> I don't entirely understand your option 2.
> ....but would ask why it's not acceptable?
>
> It really would be helpful to have access to at least a transcript of Cliff's
> presentation.
> Anyone?
>
> Goat
>
> >
> > 2) Accept that queues form but make them orderly (again, not
> > acceptable in the NHS in the current climate)
> >
Option 2 would be getting rid of the 4 hour target. Patients wait as long as it takes for them to be seen with or without triage so that the sicker patients get seen earlier. It smooths out the peaks and troughs in attendances (you don't need as many staff to see 99% of patients within 6 hours of attendance as you do to see 99% within 2 hours of attendance) and also acts as a deterrent to patients. (Effectively you introduce a charge to the patients but it is a charge in terms of waiting time rather than cash). Politically difficult though: the public have good used to being seen promptly on arrival and a politician seeking to change this would have problems. Within departments it is tricky as well. I don't think anyone is talking about patients with chest pain or falls waiting a long time to be seen. It would be in minors. But a lot of departments have brought in see and treat in minors and find it works fairly well for them. Getting rid of it would have the problems of natural resistance to change.
There are a few other problems with long waiting times as well:
1. It doesn't work as a deterrent. Attendances rose well before the 4 hour target came in and have risen in other countries that did not bring in the 4 hour target.

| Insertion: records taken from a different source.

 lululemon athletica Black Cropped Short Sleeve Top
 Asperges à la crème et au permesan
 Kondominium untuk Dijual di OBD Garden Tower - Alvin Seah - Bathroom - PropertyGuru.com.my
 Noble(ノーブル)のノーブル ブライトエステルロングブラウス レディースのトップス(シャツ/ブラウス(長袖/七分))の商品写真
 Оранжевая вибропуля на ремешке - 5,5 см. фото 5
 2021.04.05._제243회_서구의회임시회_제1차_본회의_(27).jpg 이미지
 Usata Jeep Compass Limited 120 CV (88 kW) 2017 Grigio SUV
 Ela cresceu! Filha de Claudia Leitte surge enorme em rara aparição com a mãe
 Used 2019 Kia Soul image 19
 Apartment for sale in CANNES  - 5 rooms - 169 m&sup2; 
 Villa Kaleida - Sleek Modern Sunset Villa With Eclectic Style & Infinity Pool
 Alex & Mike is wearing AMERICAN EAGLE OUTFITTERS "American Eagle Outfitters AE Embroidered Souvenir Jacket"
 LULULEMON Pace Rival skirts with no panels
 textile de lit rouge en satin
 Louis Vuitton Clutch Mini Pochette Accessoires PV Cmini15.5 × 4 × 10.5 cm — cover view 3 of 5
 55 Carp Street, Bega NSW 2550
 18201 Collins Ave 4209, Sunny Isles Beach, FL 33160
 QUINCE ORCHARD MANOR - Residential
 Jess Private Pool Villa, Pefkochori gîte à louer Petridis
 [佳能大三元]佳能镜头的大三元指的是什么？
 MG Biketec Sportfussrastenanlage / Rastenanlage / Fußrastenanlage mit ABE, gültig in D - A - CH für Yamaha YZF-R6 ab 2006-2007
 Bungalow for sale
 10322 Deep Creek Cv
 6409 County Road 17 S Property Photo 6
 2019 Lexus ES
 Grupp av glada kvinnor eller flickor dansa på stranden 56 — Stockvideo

2. Triage takes some of your resources. Using experienced staff to decide how long a patient should wait rather than seeing them and preventing that wait is a waste of resources. It may be a necessary waste of resources but it is still a waste.
3. Workload can increase. Discharging a patient with a minor problem and no treatment takes less time in explanation if they have waited 30 minutes than if they have waited 5 hours
4. Triage gets it wrong sometimes. Anyone who has been around for a few years will have seen patients who in retrospect should have been seen sooner.
5. In economic terms, the waiting time is a deadweight loss. It creates a cost to the patient without creating any advantage to anyone else.